My kids are 2 and 11 months and while I haven't taken away all their toys they have very few and will continue to have very few. We have many books, blocks, a few dress up items and a little play kitchen with a few items. I also recycled old formula cans, shoe boxes, yogurt containers etc to become their kitchen items. It's turned out to be much better for us!
I also decided to turn OFF the TV during the day back in January. I had it on just to have it on and it was pointless. After I turned it off my toddler kept asking for it to be on. I didn't realize that she was actually watching it and felt she needed it on too. :( This was a wake up call and I knew I was doing the right thing. After a week we got used to it and our "addiction" to it went away. That was 10 months ago and we're still going strong! We now fill our time cooking, building towers and reading.
During birthdays we ask that any money people were going to our girls to buy a gift, give to a specific thing we wrote about in the birthday party invitation. When our first daughter turned 1 we asked they give money to our church because we wanted a playground for our little ones but it wasn't in the budget. The whole time our church was raising money by donation. Shortly thereafter the playground was built and our girls will enjoy it for years to come. For her second birthday we asked the money be given to her to donate through Kiva.org. Kiva is a wonderful organization helping people in other countries who don't have access to banks or resources to start their own businesses but want to make something of themselves and a good life for their family. She got $250 and was able to help 4 separate people and when she gets paid back from them she'll pick others to give to.
Christmas is harder though. I haven't found a nice way to ask people to do something else. Actually our parents are the problem, our sweet moms in fact. They go all out crazy for Christmas and I hate it. I don't want to hurt their feelings but I don't know what to say (they're both gift givers and toy lovers). I would like to limit it to 3 items per child (instead of 6 or more they each get) if not only 1 gift. In our home we give one gift. We focus more on experiences than things. And as the girls get older we're going to do more missions wise. I.e. Operation Christmas Child, food pantry's, giving our time to serve others, etc. We ask for a zoo membership to our local zoo and would rather have families do something similar. But we're not sure how to ask.

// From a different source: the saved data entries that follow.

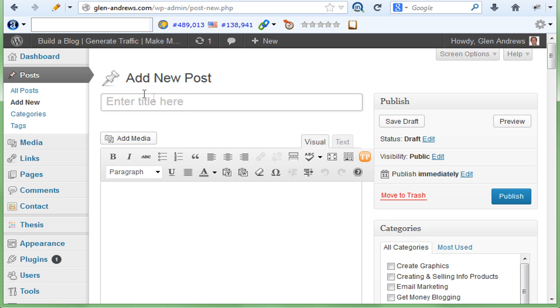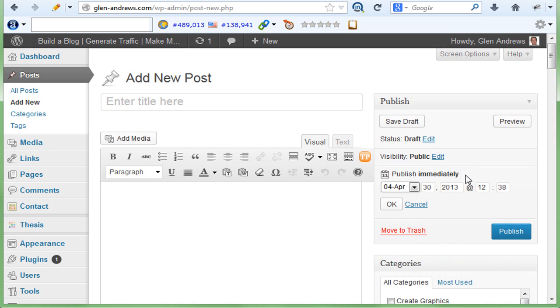And once you produce a new post, just like you normally would, over here in the publish section, you're going to click on edit down here instead of publishing it, and you can schedule it up on any day that you want.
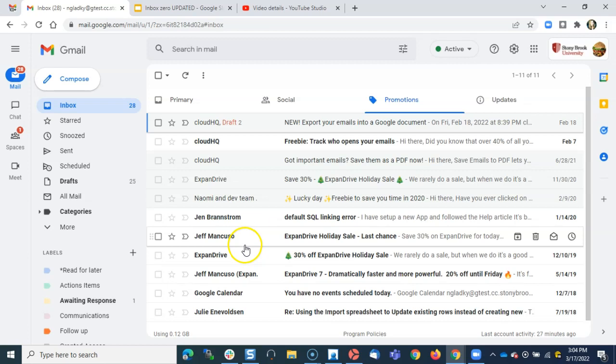If you get a lot of the same emails and you want to clear them all out from your inbox, all mail, wherever, you can make use of the filters feature just to group them and then you can archive them or delete them.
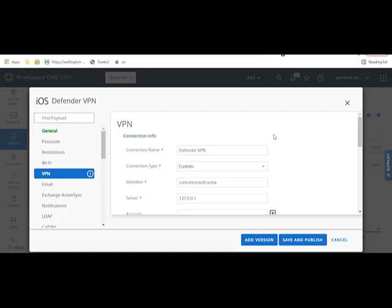Hey everybody, so as part of getting Defender set up, the first part obviously is you deploy the app out via VPP or however, on iOS, Android, whatever it is.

My husband and I did this exact thing about a month ago! Amazing how great things were around here without all the toys to pick up and fight over! We began giving a thing or two back in the last couple weeks... BIG mistake!! My daughters room is a disaster again!! She is almost 8. We have noticed ungreatfulness too, not something that we have taught!!! I think this time, the toys will be going for good! There will be books, art supplies and two types of toys... thats all!! I also have baskets for types of toys and started that when my daughter and son were about 2 so that they could easily find, and put away toys. It SAVES time, since life IS short. ;) Great post!! THANKS!
I think the idea of not spoiling your children is GREAT! We live in one of the most materialistic countries on the planet. I'm not so sure I agree with the method here, but if it makes your life happy, then that's good. I'm a believer that the best way to teach our children is by being their example.. So for example, what kind of cookware do you use? Is it nice? Couldn't you do with something less. The bottom line here is we could ALL do with SOMETHING less. I'm not saying kids should have a ton of toys. Mine don't. And we buy clothes at yardsales. My daughter gets excited over a box of hand-me-downs. I can only dream of having a space designated to "playroom". We don't visit places like Key West for sure. No ipads, tv, or kindles here. They have their toys, but the important part I think is that if they saw a child who was lonely or sad and had nothing, they would want to give something to them. If we make life about "well you really don't need all this stuff", how much do we ourselves really not need?